Search code examples
pythonjsonpandastwitterkeyerror

KeyError occures while opening the JSON txt file and setting it up into a DataFrame


I had a code, which gave me an empty DataFrame with no saved tweets. I tried to debug it by putting print(line) under the for line in json file: and json_data = json.loads(line). That resulted a KeyError. How do I fix it? Thank you.

list_df = list()
# read the .txt file, line by line, and append the json data in each line to the list
with open('tweet_json.txt', 'r') as json_file:
    for line in json_file:
        print(line)
        json_data = json.loads(line)
        print(line)
        tweet_id = json_data['tweet_id']
        fvrt_count = json_data['favorite_count']
        rtwt_count = json_data['retweet_count']
        list_df.append({'tweet_id': tweet_id,
                        'favorite_count': fvrt_count,
                        'retweet_count': rtwt_count})

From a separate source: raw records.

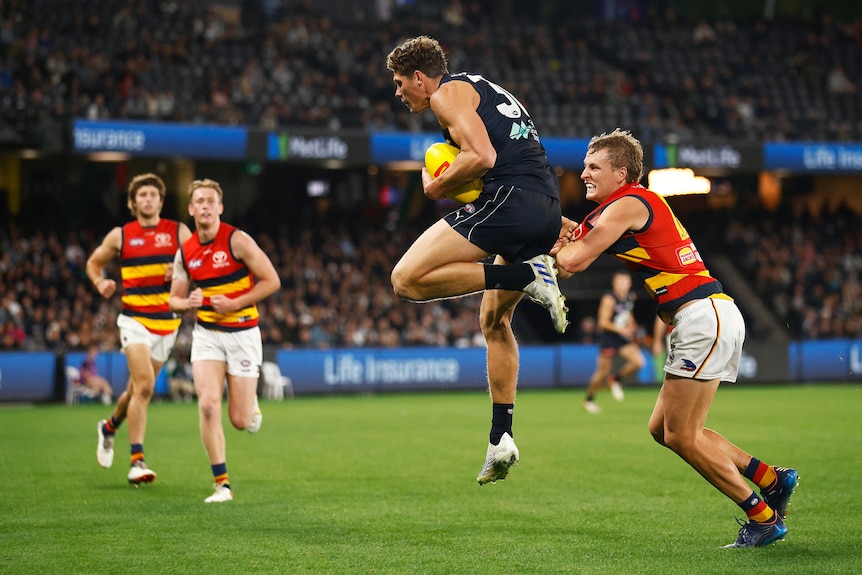 A Carlton forward holds the ball in to his chest while mid-air, as an Adelaide defender is a step behind. 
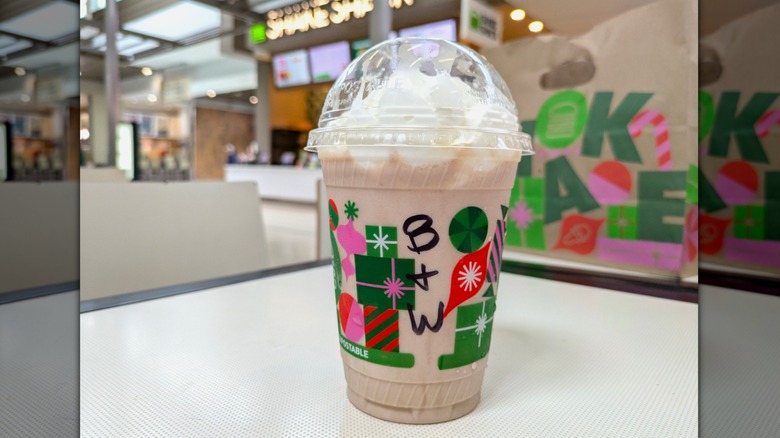 Vanilla custard is blended with a chocolate fudge sauce creating a light brown milkshake topped with whipped cream in a disposable cup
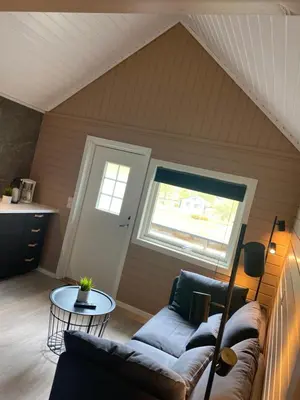 a living room with a couch and a table at Nygård Camping in Hjelle
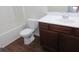 A bathroom featuring a modern vanity with a sleek white countertop and dark wood cabinetry at 6069 Semaphore Rdg, Rex, GA 30273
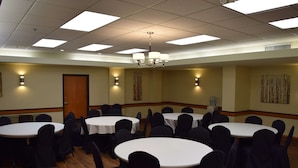 Une salle de conférence dotée de plusieurs tables rondes et de chaises, et équipée de luminaires au plafond et d’appliques murales.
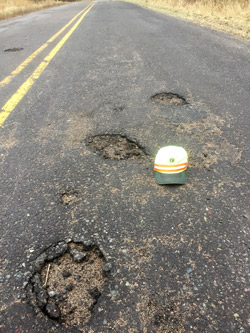 pothole and hat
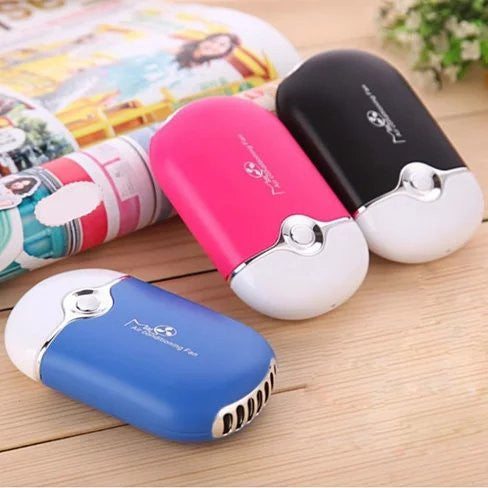 Porta Cooler Portable Air Conditioning USB powered personal mini fan on desk with green charging indicator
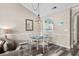 Inviting dining area featuring a glass-top table, chairs, modern light fixture, and a view into the kitchen at 5751 Oyster Catcher Dr. # 334, North Myrtle Beach, SC 29582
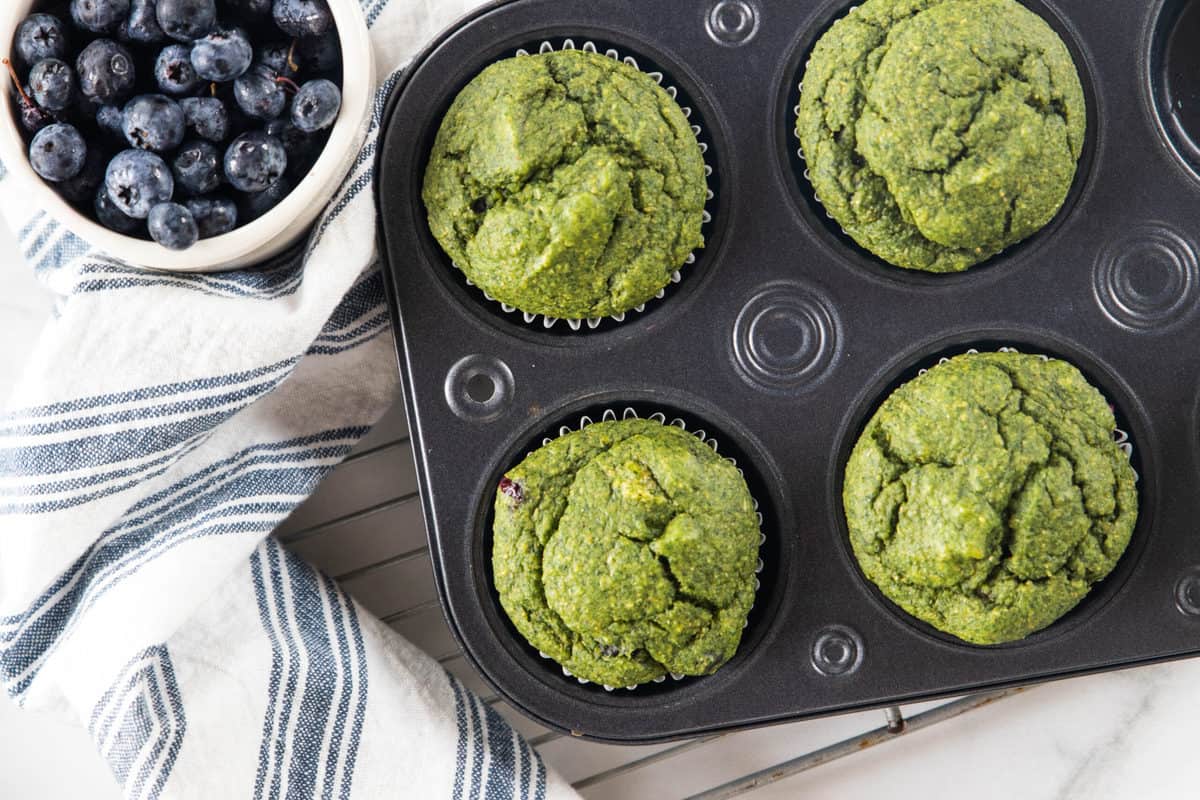 A muffin tin of cooked veggie muffins on a cooling rack next to a bowl of fresh blueberries and a dish towel all on top of a granite countertop.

# create a pandas DataFrame using the list
df = pd.DataFrame(list_df, columns = ['tweet_id', 'favorite_count', 'retweet_count'])
df.head()

Solution

  • Your comment says you're trying to save to a file, but your code kind of says that you're trying to read from a file. Here are examples of how to do both:

    Writing to JSON

    import json
    import pandas as pd
    
    content = {  # This just dummy data, in the form of a dictionary
        "tweet1": {
            "id": 1,
            "msg": "Yay, first!"
        },
        "tweet2": {
            "id": 2,
            "msg": "I'm always second :("
        }
    }
    # Write it to a file called "tweet_json.txt" in JSON
    with open("tweet_json.txt", "w") as json_file:
        json.dump(content, json_file, indent=4)  # indent=4 is optional, it makes it easier to read
    

    Note the w (as in write) in open("tweet_json.txt", "w"). You're using r (as in read), which doesn't give you permission to write anything. Also note the use of json.dump() rather than json.load(). We then get a file that looks like this:

    $ cat tweet_json.txt
    {
        "tweet1": {
            "id": 1,
            "msg": "Yay, first!"
        },
        "tweet2": {
            "id": 2,
            "msg": "I'm always second :("
        }
    }
    

    Reading from JSON

    Let's read the file that we just wrote, using pandas read_json():

    import pandas as pd
    
    df = pd.read_json("tweet_json.txt")
    print(df)
    

    Output looks like this:

    >>> df
              tweet1                tweet2
    id             1                     2
    msg  Yay, first!  I'm always second :(